Perché leggere questo articolo? Quasi il 10 per cento degli italiani vive in comuni che l’Istat considera fragili. Il report fotografa uno Stivale che da verde si colora di rosso scendendo verso Sud. Ma la situazione nel Mezzogiorno migliora rispetto a tre anni fa. Un report da leggere in vista dell’Autonomia.
In Italia 1300 comuni sugli 8mila totali sono considerati fragili. Istat ha anticipato i risultati del Rapporto annuale che indicano l’Indice di fragilità comunale. Come riporta il Sole 24 ore, i risultati completi verranno presentati il prossimo 10 luglio a Roma, nel frattempo però emergono dei primi dati. E sono decisamente preoccupanti. Quasi il 10 per cento della popolazione italiana vive in un comune fragile, situazione che accomuna oltre il 16 per cento delle città del nostro Paese.
I 1300 comuni fragili dello Stivale
Sono 1.300 i comuni a fragilità elevata, pari al 16,1% del totale. In questi comuni vivono circa cinque milioni di persone (l’8,7% della popolazione italiana). L’indice fotografa su base comunale 12 parametri. Dall’occupazione, al livello di istruzione, passando per il saldo migratorio, il rischio frane, il consumo di suolo e il tasso di motorizzazione. A rendere fragili i comuni contribuiscono fattori di rischio che possono essere determinati da geografia e suolo, ma anche infrastrutture, capitale umano e fattori economici.

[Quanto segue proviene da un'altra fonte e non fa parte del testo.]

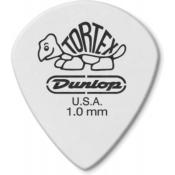 12 MEDIATORS DUNLOP TORTEX JAZZ III WHITE 1mm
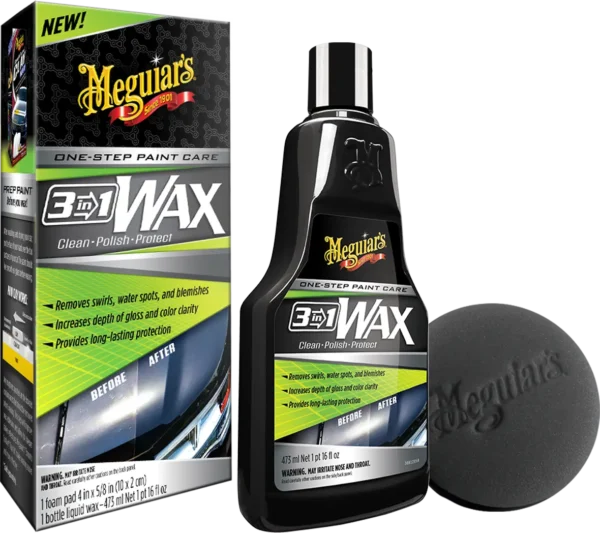 3 in 1 Wax - obrazek 2
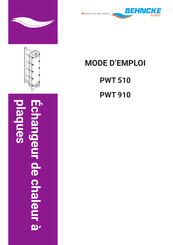 Behncke PWT 510 Mode D'emploi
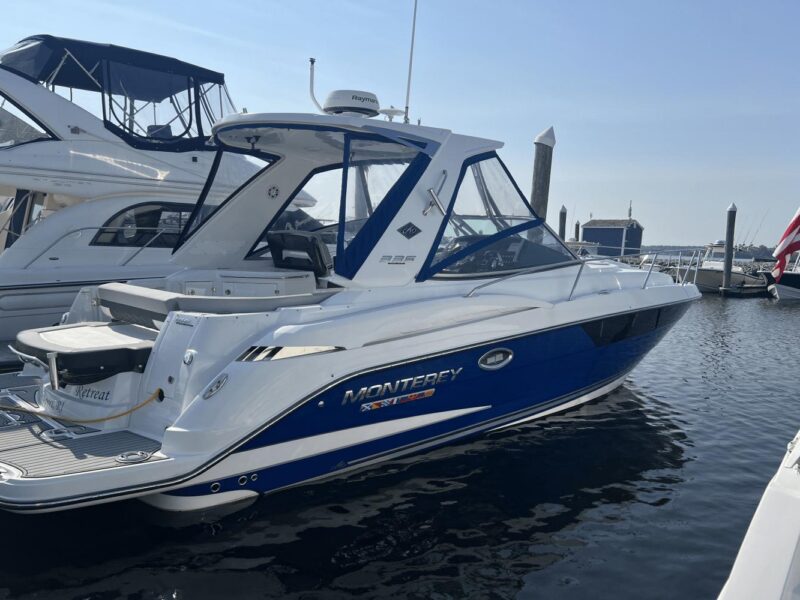 2021 Monterey 335 Sport Yacht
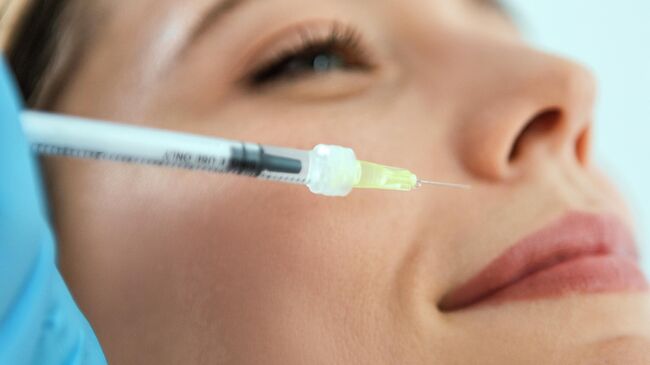 Инъекция ботокса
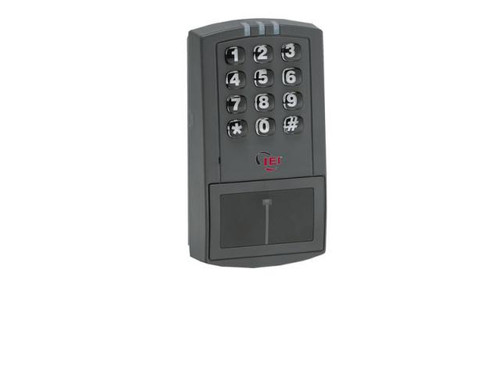 Sngl Dr Access Cntrl rdr/keypad netwkabl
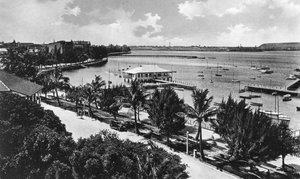 The Esplanade ، ديربان ، جنوب أفريقيا بواسطة غير معروف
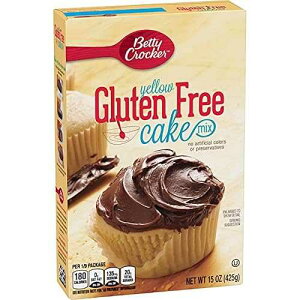 Betty Crocker, Gluten Free, Yellow Cake Mix, 15Oz Box Betty Crocker, Gluten Free, Yellow Cake Mix, 15Oz Box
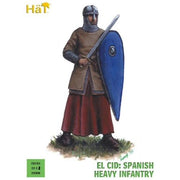 HAT 28001 28mm El Cid Spanish Heavy Infantry
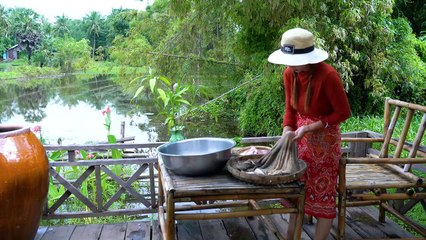Cook intestine beef recipe in my countryside - Polin lifestyle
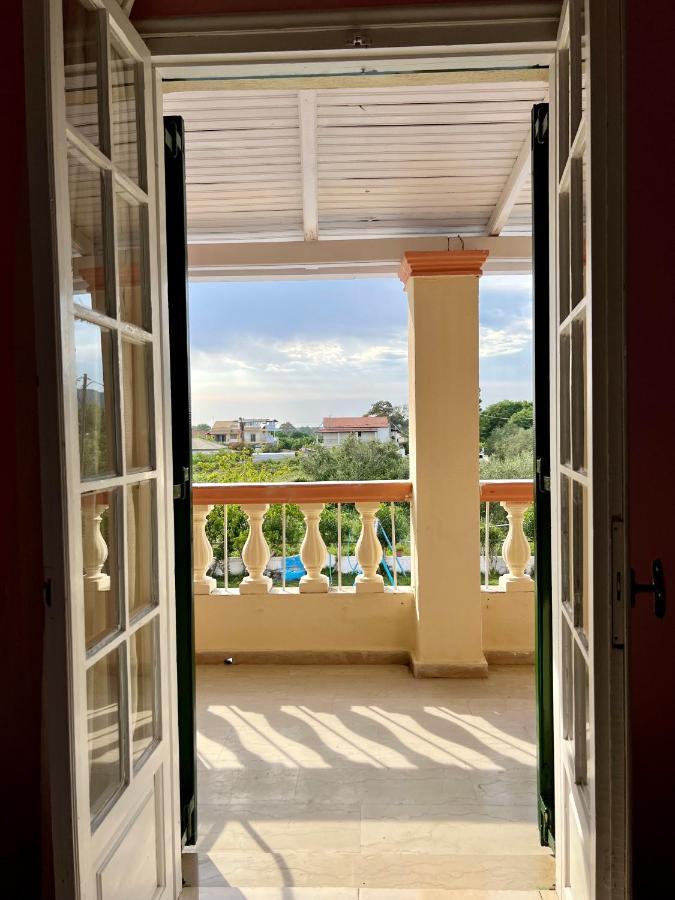 Elena Pool Aparthotel Agios Georgios  Bagian luar foto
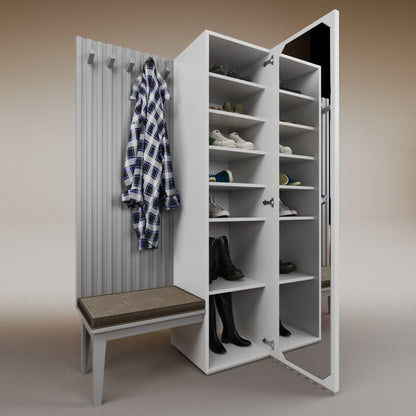 Ismael shoe rack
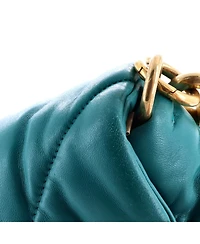 Pre-Owned Prada Padded Shoulder Bag Quilted Nappa Leather
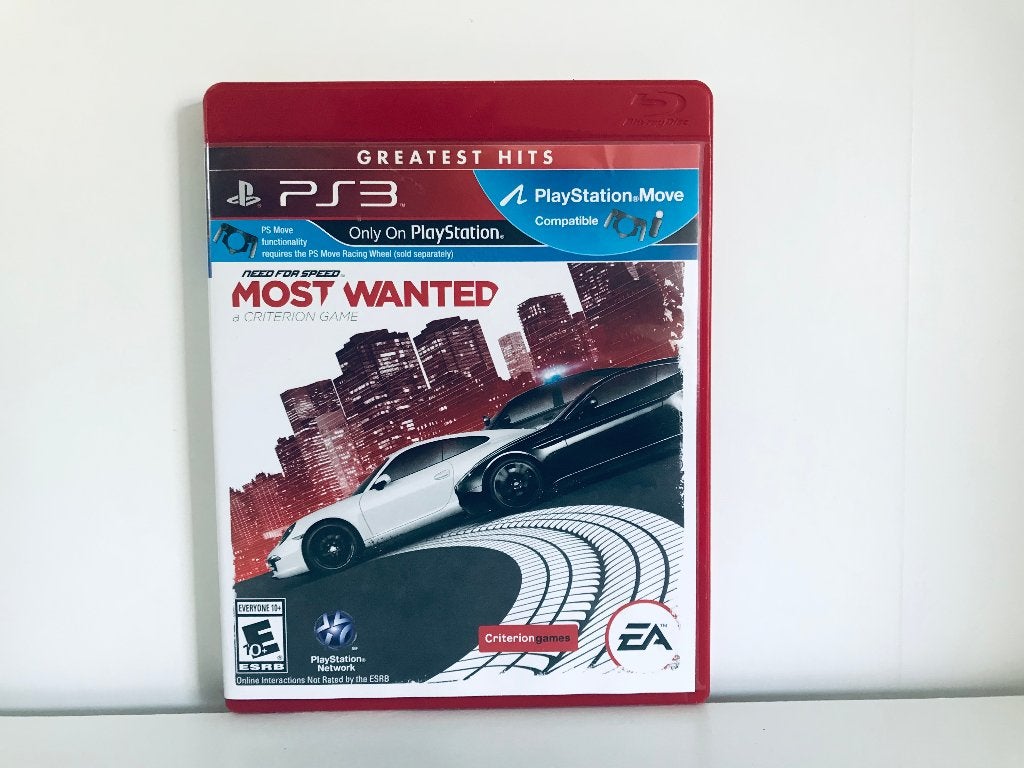 PS3 - Need for Speed Most Wanted, 1 speler, Racen en Vliegen, Ophalen of Verzenden, Zo goed als nieuw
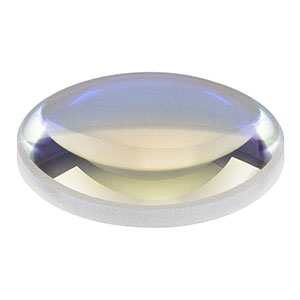 LA1422-B - N-BK7 Plano-Convex Lens, Ø1in, f = 40 mm, AR Coating: 650 - 1050 nm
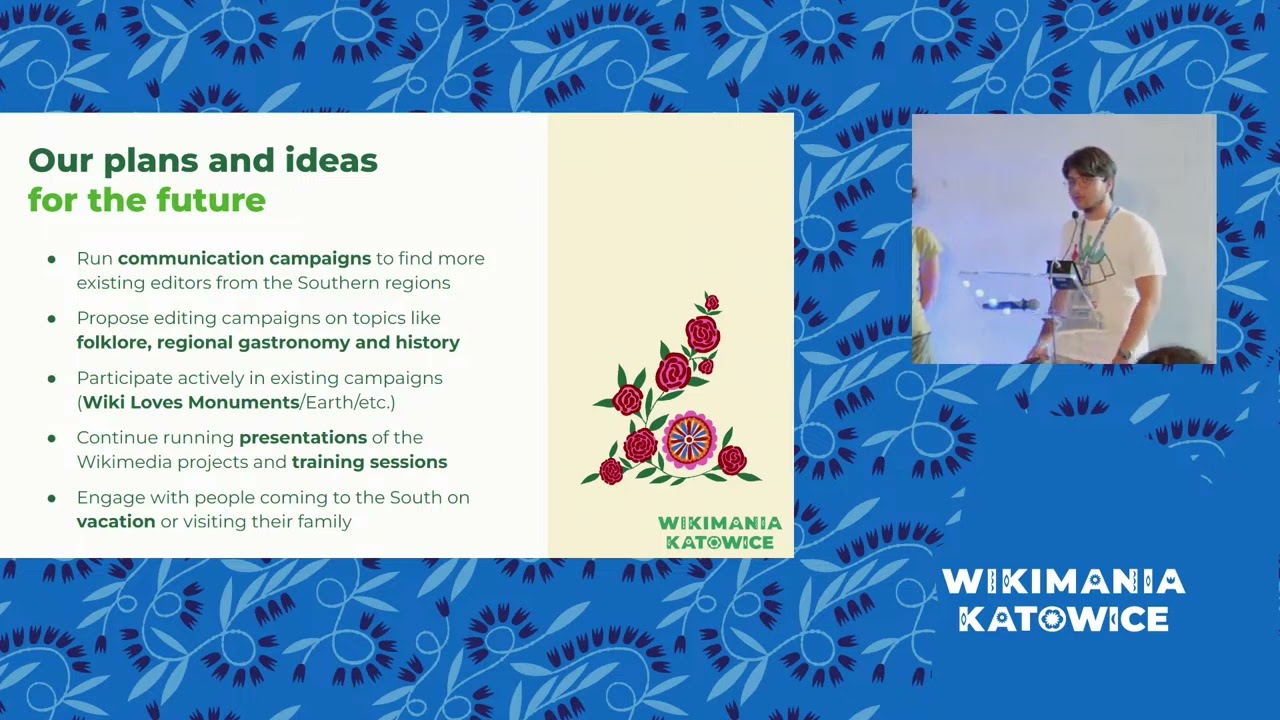 Wiki Sud Italia: challenges of creating an active community in an economically challenged region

Istat ha evidenziato dieci classi di fragilità, evidenziando così le dinamiche territoriali più rilevanti. Il nuovo Indice di Fragilità Comunale (Ifc) si riferisce a dati del 2021, mettendo in evidenza tendenze consolidata. In Italia persiste un netto divario tra Nord e Sud anche per quanto riguarda i comuni fragili. Nel Mezzogiorno ricadono il 40,2% dei comuni e il 24,4% della popolazione nelle due classi più a rischio. I valori più critici si rilevano in Calabria (63,9%) e Sicilia (55,9%). Risalendo lo Stivale, si incontrano territori fragili anche in Lazio (19,6%) e in Valle d’Aosta (21,6%), quest’ultima con un’elevata percentuale di comuni fragili perchè a rischio frana.
Le fragilità del Nord
La mappa dei comuni fragili dipinge uno Stivale che da verde diventa sempre più rosso man mano che si scende la Penisola. Anche le regioni del Nord Italia, però, presentano le proprie fragilità. Si concentrano maggiormente in zone periferiche, interne o meno servite. La dorsale appenninica o le zone montane hanno elevati indicatori di fragilità, dovuta soprattutto all’assenza di servizi come suole e ospedali.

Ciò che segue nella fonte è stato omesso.